Restorasi dan Rehabilitasi
Meliputi metode, baik insitu maupun eksitu, untuk membangun kembali spesies, varietas genetik, komunitas, populasi, habitat dan proses-proses ekologis. Restorasi ekologis biasanya melibatkan upaya rekonstruksi ekosistem alami atau semi alami di daerah-daerah yang mengalami degradasi, termasuk reintroduksi spesies asli, sedangkan rehabilitasi melibatkan upaya untuk memperbaiki proses-proses ekosistem, misalnya Daerah Aliran Sungai (DAS), tetapi tidak diikuti dengan pemulihan ekosistem dan keberadaan spesies asli.

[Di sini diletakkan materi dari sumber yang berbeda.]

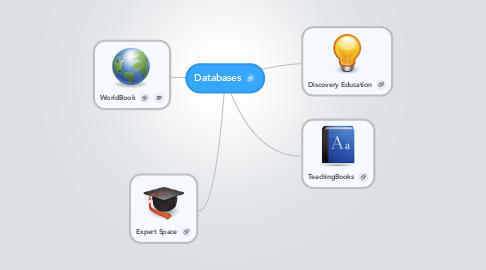 Mind Map: Databases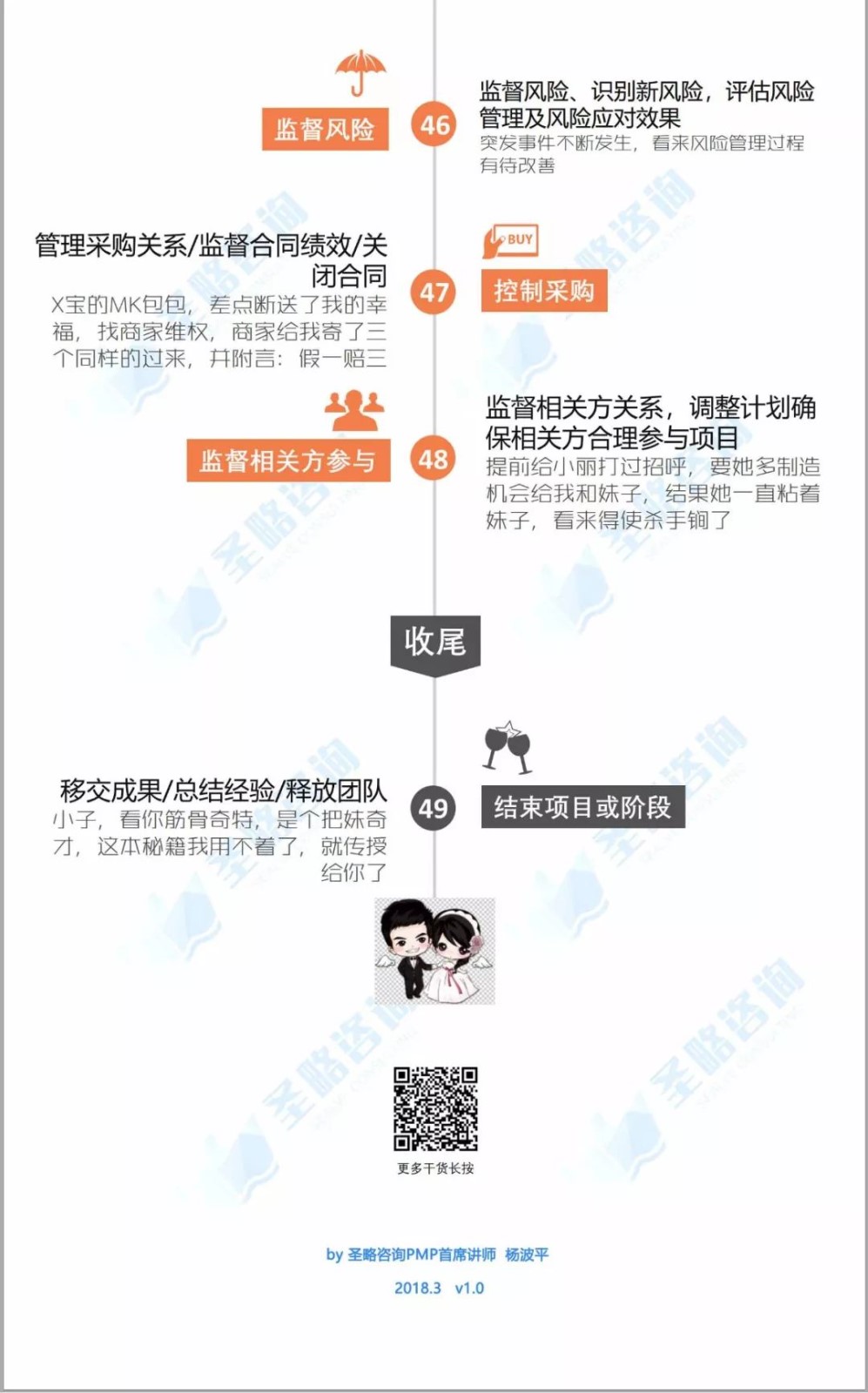 一张图了解项目管理49个过程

Pengelolaan Lansekap Terpadu
meliputi alat dan strategi di bidang kehutanan, perikanan, pertanian, pengelolaan satwa liar dan pariwisata untuk menyatukan unsur perlindungan, pemanfaatan lestari serta kriteria pemerataan dalam tujuan dan praktek pengelolaan. Mengingat bahwa tataguna lahan tersebut mendominasi keseluruhan bentuk lansekap, baik di pedalaman maupun wilayah pesisir, reinvestasi untuk pengelolaan keanekaragaman hayati memiliki peluang besar untuk dapat diperoleh.
Formulasi Kebijakan dan Kelembagaan
meliputi metode yang membatasi penggunaan sumberdaya lahan melalui zonasi, pemberian insentif dan pajak untuk menekan praktek penggunaan lahan yang secara potensial dapat merusak; pengaturan kepemilikan lahan yang mendukung pengurusannya secara lestari; serta menetapkan kebijakan pengaturan kepentingan swasta dan masyarakat yang menguntungkan bagi konservasi keanekaragaman hayati.